Unit 3: Immediate Inference

What is Immediate Inference?

An inference is the logical process of drawing a conclusion from premises.
In Aristotelian logic, inferences are divided into two types:

  1. Mediate Inference: An inference where the conclusion is drawn from two or more premises. (e.g., a Categorical Syllogism, covered in Unit 4).
  2. Immediate Inference: An inference where the conclusion is drawn from only one premise.

This unit deals with the three most important types of immediate inference: Conversion, Obversion, and Contraposition. These are "truth-preserving" operations, meaning if the original premise is true, the (validly inferred) conclusion must also be true. They are ways of creating a new, logically equivalent proposition.
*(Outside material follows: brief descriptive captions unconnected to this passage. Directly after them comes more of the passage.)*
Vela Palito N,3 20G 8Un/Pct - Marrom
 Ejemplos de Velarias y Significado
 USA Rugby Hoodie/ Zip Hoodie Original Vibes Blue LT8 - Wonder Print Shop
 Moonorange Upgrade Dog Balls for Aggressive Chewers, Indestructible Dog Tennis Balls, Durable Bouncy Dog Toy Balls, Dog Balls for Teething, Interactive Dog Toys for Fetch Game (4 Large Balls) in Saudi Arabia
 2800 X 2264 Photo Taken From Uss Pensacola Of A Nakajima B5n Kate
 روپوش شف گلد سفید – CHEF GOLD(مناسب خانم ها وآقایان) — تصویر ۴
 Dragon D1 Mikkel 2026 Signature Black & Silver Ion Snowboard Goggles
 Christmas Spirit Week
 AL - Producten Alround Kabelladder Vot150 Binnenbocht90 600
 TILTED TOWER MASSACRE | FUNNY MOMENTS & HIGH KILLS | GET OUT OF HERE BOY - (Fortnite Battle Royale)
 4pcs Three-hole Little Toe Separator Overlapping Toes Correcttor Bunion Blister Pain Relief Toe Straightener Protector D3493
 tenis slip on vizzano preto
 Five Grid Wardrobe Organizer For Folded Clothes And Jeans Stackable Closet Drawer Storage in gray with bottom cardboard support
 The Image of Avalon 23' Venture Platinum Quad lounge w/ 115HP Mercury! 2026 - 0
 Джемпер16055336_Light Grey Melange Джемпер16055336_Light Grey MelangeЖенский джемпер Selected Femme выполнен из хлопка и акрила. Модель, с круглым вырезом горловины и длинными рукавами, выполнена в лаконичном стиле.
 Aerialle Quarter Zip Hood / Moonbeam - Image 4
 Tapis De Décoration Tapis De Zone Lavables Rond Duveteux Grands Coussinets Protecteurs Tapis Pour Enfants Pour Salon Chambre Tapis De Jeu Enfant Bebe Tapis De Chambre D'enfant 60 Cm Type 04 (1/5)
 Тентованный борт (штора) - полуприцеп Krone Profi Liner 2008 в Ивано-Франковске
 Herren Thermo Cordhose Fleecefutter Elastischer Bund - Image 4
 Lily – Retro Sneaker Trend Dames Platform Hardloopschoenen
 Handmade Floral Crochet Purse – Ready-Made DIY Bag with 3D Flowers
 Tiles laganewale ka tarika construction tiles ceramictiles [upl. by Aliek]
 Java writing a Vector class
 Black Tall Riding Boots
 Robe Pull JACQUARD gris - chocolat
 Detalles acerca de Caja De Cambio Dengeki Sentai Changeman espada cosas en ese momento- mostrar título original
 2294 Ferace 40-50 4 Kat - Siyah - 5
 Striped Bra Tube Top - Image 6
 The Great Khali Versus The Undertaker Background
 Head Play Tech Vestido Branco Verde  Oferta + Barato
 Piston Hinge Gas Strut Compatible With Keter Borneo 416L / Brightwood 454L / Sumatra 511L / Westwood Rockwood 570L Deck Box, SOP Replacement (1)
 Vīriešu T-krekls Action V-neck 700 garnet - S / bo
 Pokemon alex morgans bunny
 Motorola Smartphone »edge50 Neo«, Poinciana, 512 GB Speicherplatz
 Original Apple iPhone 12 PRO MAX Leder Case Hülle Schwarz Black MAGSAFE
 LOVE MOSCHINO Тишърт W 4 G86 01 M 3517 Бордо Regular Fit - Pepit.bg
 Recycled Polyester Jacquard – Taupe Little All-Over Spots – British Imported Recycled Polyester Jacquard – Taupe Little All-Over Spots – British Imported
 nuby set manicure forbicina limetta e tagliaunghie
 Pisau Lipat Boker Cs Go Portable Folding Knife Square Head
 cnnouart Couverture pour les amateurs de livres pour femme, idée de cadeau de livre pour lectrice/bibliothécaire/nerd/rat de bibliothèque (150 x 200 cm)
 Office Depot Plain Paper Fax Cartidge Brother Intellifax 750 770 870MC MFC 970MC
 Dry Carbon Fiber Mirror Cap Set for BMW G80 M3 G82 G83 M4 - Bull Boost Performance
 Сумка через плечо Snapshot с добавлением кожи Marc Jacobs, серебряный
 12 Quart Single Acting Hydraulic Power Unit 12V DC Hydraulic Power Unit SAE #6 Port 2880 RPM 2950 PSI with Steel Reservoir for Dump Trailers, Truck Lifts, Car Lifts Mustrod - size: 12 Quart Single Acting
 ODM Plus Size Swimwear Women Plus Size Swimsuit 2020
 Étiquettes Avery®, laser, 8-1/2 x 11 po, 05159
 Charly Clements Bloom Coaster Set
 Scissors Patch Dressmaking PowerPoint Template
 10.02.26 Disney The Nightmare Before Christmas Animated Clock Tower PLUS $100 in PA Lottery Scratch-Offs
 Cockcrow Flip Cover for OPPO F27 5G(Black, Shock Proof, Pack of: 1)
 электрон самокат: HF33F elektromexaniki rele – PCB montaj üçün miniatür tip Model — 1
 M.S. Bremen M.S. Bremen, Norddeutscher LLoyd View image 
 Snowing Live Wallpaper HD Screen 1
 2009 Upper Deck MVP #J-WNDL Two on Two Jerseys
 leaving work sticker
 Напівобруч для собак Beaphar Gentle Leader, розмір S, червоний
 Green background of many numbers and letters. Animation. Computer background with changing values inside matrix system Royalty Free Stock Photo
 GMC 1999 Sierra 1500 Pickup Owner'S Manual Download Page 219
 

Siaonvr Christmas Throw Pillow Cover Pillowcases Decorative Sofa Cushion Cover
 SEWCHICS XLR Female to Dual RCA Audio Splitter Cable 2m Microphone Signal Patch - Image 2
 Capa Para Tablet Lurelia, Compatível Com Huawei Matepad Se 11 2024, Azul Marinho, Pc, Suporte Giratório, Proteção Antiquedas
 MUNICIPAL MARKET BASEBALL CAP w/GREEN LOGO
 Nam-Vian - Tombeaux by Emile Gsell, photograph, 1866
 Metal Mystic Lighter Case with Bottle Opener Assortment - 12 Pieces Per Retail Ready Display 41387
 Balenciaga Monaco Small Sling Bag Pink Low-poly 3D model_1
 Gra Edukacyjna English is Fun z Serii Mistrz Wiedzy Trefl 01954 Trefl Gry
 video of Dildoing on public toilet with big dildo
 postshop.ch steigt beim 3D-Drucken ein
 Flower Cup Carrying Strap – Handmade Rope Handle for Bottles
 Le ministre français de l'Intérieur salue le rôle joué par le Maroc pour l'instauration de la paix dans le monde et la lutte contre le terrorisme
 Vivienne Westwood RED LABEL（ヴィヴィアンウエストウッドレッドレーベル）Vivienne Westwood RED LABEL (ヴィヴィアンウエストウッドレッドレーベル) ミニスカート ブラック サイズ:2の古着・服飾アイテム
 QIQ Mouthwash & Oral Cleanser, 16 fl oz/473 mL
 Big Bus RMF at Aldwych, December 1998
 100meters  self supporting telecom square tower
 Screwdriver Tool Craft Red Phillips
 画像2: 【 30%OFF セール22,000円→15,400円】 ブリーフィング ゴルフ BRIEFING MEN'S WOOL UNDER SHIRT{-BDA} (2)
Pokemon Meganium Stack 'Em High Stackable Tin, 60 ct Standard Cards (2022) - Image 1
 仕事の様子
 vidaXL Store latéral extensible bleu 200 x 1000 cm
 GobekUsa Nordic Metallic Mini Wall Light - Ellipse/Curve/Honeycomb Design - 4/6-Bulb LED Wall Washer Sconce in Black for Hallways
Key Concept: Logical Equivalence. Two statements are logically equivalent if they *always* have the same truth value. They mean the same thing, just expressed in a different form. Our goal is to find valid operations that produce equivalent statements.

Conversion

Conversion is an immediate inference that proceeds by swapping the Subject (S) and Predicate (P) terms of the original proposition.

The original proposition is the Convertend. The inferred conclusion is the Converse.

Rule: The quality (Affirmative/Negative) must stay the same. Crucially, no term can be distributed in the converse if it was not distributed in the convertend.

Proposition Convertend (Premise) Distribution Converse (Conclusion) Validity
A All S are P S (D), P (U) All P are S INVALID
(This is called Conversion by Limitation)

Explanation: In "All S are P," P is undistributed. If we swap them to "All P are S," we are now distributing P (Rule: A-prop distributes its subject). This violates the main rule.
Example: "All dogs are mammals" (True) → "All mammals are dogs" (False).
Valid Conversion by Limitation: We can *validly* infer an I proposition: "All S are P" → "Some P are S". (If "All dogs are mammals," then "Some mammals are dogs").

E No S are P S (D), P (D) No P are S VALID (Simple Conversion)

Explanation: Both terms are distributed, so swapping them is perfectly fine.
Example: "No dogs are reptiles" (True) → "No reptiles are dogs" (True).

I Some S are P S (U), P (U) Some P are S VALID (Simple Conversion)

Explanation: No terms are distributed, so no risk of violating the rule.
Example: "Some students are athletes" (True) → "Some athletes are students" (True).

O Some S are not P S (U), P (D) Some P are not S INVALID

Explanation: In "Some S are not P," S is undistributed. When we swap them to "Some P are not S," the S term moves to the predicate position, where it becomes distributed (Rule: O-prop distributes its predicate). This violates the main rule.
Conclusion: The O-proposition has no valid conversion.